"Idol" 2007, Part 23: Steph happens

By Eric Rezsnyak on March 22, 2007

Apparently America took Stephanie Edwards literally: you really didn't have to say you loved her.

Stephanie became the first distaff victim of the Top 12. Based on her performance Tuesday --- and even the week before --- it's no surprise. But when you consider that Haley Scarnato and Sanjaya will now be on the Idol tour, the world seems a little more scary.

The shock of the evening came from Stephanie's partner in the bottom two, Chris Richardson. It was another voter Perfect Storm: solid, but not stunning performance + weaker Idols in danger + assumed safety - harsh criticism = near elimination. Just ask Chris Daughtry how that works. Chris will almost certainly be in the Top 3 next week, even if he goes out on stage and just takes a dump. It's the Bounce Effect, and we saw it this week with NosPhilratu. (As an aside, Richardson looked amazing last night --- he should really wear more short-sleeved polos to show off those arms. Meaty!)

Other things of note:

-It's never explicity stated, but we can intimate from the groupings how things shook out in the voting. The top three consisted of Melinda, Blake, and Phil. As mentioned before, Phil benefitted from a lousy performance and a Bottom 2 scare last week; what we need is a mediocre showing from him next week and that bald piece of shriek is out the door. The next three included Lakisha, Jordin, and Sligh. That last one troubles me, but the grouping also shows that Lakisha's popularity is starting to wane. The near-bottom three included Sanjaya, Gina, and Haley, and for a minute I was convinced that was our actual lowest grouping, because, come on: Sanjaya and Haley. But Ryan is a trickster!

-The pimpomercial was set to "Another Saturday Night" and featured the Idols in a laundromat. Chris Sligh and Lakisha are AWFUL in these, and I'm especially surprised by Sligh because he's "Mr. Personality" or whatever. I guess he feels stupid engaging in these goofy ads. But, like, welcome to "Idol" you douchebag. It's part of the deal. If Daughtry can pull off a pink golfing outfit and not look mortified you can dance around in soap bubbles. The highlight was the amazing gymnastic performance by Melinda.
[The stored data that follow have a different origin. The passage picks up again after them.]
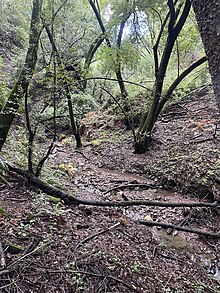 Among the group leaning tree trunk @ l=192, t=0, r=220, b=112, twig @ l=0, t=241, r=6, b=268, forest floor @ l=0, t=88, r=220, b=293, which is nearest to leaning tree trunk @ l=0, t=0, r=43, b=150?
forest floor @ l=0, t=88, r=220, b=293

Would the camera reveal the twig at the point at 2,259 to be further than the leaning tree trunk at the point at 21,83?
No

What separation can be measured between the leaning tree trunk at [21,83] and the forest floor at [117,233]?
459 mm

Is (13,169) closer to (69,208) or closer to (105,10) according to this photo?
(69,208)

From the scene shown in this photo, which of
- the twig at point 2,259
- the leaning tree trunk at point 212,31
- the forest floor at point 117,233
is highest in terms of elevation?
the leaning tree trunk at point 212,31

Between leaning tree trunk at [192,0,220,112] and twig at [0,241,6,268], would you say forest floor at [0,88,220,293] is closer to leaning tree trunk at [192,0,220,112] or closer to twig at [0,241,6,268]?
twig at [0,241,6,268]

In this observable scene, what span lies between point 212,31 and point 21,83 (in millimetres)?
3375

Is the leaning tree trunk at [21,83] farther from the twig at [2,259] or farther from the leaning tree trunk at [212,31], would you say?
the leaning tree trunk at [212,31]

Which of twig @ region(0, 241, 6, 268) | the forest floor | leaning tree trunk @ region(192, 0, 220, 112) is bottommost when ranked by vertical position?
the forest floor

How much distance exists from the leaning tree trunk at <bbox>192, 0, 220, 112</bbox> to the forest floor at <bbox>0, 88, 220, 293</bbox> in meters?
1.89

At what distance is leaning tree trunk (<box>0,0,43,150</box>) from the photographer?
4074 millimetres

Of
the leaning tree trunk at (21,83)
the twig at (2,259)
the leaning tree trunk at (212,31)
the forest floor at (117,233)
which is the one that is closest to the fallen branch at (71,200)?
the forest floor at (117,233)

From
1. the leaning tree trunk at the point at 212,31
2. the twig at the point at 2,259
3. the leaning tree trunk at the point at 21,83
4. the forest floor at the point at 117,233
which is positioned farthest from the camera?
the leaning tree trunk at the point at 21,83

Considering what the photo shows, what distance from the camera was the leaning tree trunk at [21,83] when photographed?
13.4ft

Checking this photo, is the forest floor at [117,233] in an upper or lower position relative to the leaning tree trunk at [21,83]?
lower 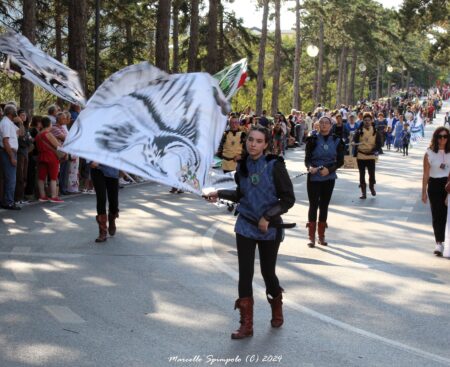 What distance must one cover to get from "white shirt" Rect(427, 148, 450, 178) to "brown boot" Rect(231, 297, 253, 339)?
525 cm

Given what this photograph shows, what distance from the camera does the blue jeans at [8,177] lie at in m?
14.9

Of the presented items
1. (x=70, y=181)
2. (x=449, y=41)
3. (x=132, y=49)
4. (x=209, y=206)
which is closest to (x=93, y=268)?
(x=209, y=206)

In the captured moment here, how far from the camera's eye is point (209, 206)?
1661 cm

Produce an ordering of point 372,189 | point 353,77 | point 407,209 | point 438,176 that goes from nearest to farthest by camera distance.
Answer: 1. point 438,176
2. point 407,209
3. point 372,189
4. point 353,77

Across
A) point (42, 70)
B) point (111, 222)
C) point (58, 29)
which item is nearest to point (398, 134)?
point (58, 29)

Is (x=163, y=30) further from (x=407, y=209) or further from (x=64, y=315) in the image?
(x=64, y=315)

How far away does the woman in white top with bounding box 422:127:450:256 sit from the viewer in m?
11.8

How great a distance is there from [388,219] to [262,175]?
340 inches

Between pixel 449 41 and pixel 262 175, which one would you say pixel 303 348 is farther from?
pixel 449 41

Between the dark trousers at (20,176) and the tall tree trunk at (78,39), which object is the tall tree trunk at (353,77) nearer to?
the tall tree trunk at (78,39)

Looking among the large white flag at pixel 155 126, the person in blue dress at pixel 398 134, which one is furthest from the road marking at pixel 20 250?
the person in blue dress at pixel 398 134

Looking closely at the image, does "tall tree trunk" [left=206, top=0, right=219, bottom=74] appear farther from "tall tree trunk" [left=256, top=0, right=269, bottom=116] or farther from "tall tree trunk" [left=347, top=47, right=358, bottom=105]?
"tall tree trunk" [left=347, top=47, right=358, bottom=105]

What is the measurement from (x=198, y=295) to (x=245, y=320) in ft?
5.04

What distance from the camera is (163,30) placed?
28312 mm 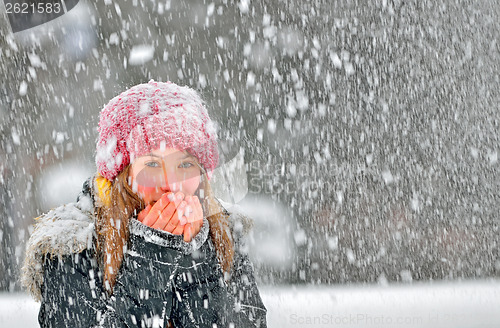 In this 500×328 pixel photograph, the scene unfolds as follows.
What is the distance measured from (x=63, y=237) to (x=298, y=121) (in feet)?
7.00

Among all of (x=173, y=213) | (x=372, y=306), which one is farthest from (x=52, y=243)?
(x=372, y=306)

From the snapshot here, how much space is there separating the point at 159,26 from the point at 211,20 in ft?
1.12

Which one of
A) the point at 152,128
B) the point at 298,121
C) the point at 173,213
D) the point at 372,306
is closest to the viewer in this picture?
the point at 173,213

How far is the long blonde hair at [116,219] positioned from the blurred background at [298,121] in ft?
5.44

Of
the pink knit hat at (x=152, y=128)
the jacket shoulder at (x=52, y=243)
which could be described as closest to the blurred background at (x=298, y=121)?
the pink knit hat at (x=152, y=128)

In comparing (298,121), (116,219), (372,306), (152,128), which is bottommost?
(372,306)

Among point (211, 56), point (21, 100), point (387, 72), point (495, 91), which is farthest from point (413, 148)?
point (21, 100)

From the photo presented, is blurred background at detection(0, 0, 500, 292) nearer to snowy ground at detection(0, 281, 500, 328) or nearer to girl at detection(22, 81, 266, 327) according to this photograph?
snowy ground at detection(0, 281, 500, 328)

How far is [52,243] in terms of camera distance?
96 centimetres

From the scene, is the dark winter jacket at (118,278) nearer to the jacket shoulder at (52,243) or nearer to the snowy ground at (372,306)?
the jacket shoulder at (52,243)

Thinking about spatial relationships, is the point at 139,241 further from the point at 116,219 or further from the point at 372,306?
the point at 372,306

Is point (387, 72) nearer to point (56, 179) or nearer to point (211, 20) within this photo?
point (211, 20)

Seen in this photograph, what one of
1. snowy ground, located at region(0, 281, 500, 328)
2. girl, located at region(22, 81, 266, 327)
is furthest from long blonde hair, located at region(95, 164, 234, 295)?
snowy ground, located at region(0, 281, 500, 328)

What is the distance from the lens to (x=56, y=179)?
9.42 feet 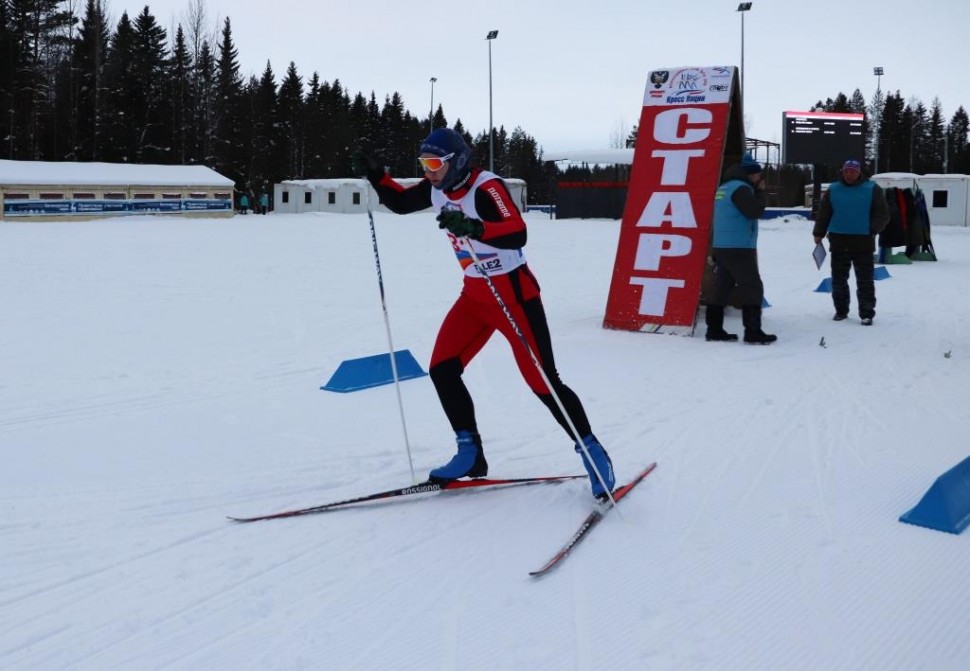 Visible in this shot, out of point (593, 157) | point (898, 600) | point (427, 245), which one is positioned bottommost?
point (898, 600)

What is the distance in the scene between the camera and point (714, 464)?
4.38 meters

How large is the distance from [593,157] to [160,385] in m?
41.5

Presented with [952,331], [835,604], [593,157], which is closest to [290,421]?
[835,604]

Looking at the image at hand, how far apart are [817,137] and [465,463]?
3619cm

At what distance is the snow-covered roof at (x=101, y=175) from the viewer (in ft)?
105

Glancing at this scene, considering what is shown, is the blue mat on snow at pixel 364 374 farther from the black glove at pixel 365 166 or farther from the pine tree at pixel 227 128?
the pine tree at pixel 227 128

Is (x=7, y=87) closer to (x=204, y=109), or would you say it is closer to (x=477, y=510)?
(x=204, y=109)

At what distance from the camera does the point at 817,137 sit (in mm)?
36312

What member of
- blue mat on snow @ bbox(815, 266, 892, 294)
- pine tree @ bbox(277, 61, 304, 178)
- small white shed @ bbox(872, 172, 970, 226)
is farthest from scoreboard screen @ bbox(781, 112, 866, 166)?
pine tree @ bbox(277, 61, 304, 178)

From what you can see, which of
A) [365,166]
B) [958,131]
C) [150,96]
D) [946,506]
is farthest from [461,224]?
[958,131]

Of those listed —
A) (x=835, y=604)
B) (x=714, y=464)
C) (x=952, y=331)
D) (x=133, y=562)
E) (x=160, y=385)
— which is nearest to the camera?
(x=835, y=604)

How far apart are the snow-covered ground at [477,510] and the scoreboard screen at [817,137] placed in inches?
1176

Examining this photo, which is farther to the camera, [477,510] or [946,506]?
[477,510]

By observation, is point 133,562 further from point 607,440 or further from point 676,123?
point 676,123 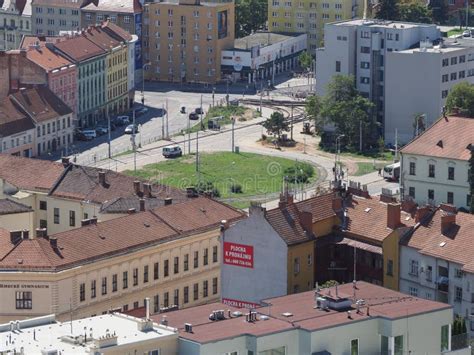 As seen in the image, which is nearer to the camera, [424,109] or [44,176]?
[44,176]

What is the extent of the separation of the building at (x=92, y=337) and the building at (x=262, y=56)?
113 meters

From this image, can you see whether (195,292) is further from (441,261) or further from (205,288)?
(441,261)

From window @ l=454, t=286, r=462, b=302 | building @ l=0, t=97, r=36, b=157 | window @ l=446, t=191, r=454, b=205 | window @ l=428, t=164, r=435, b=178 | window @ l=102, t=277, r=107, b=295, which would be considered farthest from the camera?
building @ l=0, t=97, r=36, b=157

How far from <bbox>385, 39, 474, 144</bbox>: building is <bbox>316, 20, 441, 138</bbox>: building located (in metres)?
3.04

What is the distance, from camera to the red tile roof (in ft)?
388

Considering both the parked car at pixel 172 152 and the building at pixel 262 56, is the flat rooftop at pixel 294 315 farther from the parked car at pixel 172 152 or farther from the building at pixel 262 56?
the building at pixel 262 56

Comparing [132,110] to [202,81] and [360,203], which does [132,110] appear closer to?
[202,81]

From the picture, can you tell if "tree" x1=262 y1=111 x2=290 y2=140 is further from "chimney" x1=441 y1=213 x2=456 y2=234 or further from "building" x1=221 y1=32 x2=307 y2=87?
"chimney" x1=441 y1=213 x2=456 y2=234

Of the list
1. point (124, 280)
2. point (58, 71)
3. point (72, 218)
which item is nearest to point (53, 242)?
point (124, 280)

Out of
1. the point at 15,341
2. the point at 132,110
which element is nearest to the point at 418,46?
the point at 132,110

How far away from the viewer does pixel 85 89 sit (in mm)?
160000

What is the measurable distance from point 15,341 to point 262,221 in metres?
23.1

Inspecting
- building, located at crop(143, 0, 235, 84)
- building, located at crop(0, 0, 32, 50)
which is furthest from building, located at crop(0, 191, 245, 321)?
building, located at crop(0, 0, 32, 50)

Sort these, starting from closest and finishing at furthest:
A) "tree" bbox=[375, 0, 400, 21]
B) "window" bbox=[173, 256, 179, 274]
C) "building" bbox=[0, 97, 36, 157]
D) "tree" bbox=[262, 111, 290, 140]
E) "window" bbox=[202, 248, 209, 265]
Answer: "window" bbox=[173, 256, 179, 274] → "window" bbox=[202, 248, 209, 265] → "building" bbox=[0, 97, 36, 157] → "tree" bbox=[262, 111, 290, 140] → "tree" bbox=[375, 0, 400, 21] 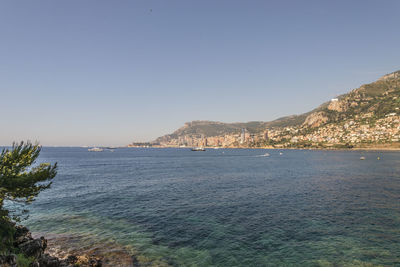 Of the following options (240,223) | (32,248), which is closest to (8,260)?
(32,248)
Is there ANYTHING that girl can't do? She reminds me of a 40-year-old Mary Lou Retton. (And before you post: Yes. I know it was a stunt double. But wouldn't it be great if it was Melinda doing twisting double backflips?)

-I fast-forwarded through the Idol Cares portion. I do not watch this show for social relevance, and you can't make me feel bad for zoning out to its brain-numbing stupidity. It's what you expect of me. Don't flip the script now.